If you are buying for dividends, then perhaps you would want something where either the risk of the dividend being cut is small or/and where the chance for the dividend to increase is reasonably good.

If you have a stock and it drops 50%, it may be risky OR it may just be volatile.

If you are buying for dividend yield, then maybe it makes no difference right now whether you buy a consistent dividend grower like P&G or a GNMA like VFIX. Both pay about 3.2% now, and there's a lot more volatility with PG. Over the past five years, the fund's been pretty stable, certainly compared to the volatile P&G (which has pretty much wound up going nowhere over the past few years):

finance.yahoo.com

However as regards dividends or distributions, that "3.2% yield" equality may change. VFIX has cut distributions in past -- maybe they're in a growing state now (I don't follow or know), whereas P&G has been raising their dividend every year for something like 50 years.

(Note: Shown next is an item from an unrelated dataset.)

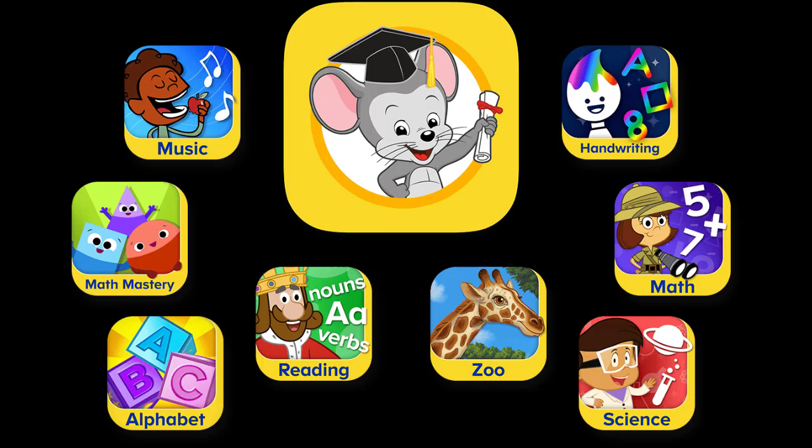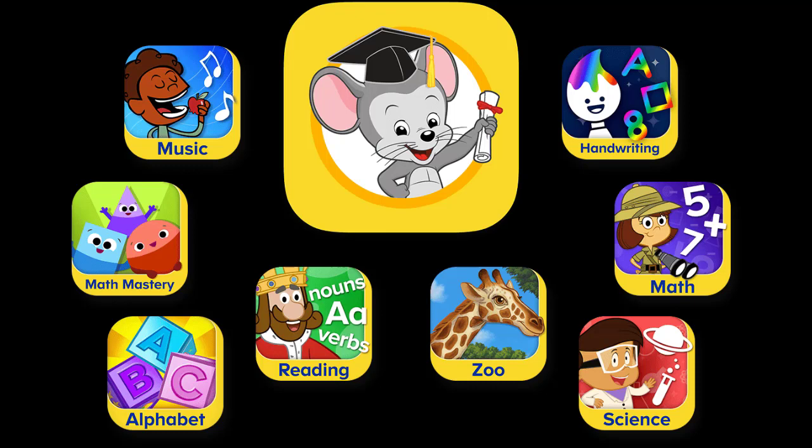Is ABC Mouse research based? ABCMouse.com Early Learning Academy's award-winning curriculum is guided and designed by a highly experienced team of educators and other learning experts who have a deep understanding of research-based principles of effective education for children.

I use P&G as an example of several stocks discussed here, i.e. well capitalized stocks with a history of earnings and dividends as a result of providing products or services that customers want or need. Possible that one or all such stocks could suddenly fall 50% (as we have seen.) More likely though, a slow 50% decline as the general market falls or certain sectors fall in or out of favor (e.g. big pharma). While that might make "total return negative" and maybe a "risky business", if somebody were "buying stock for its dividends", the dividends likely would be intact. People here who have relatively long-term goals or outlooks should welcome such a decline in these stocks though. Dividends that are automatically reinvested in stock buy more stock when the stock price is down. Or the low stock price gives an opportunity to commit more cash to buy the stock(s) so as to get the now larger yield (same distribution divided by lower stock price.)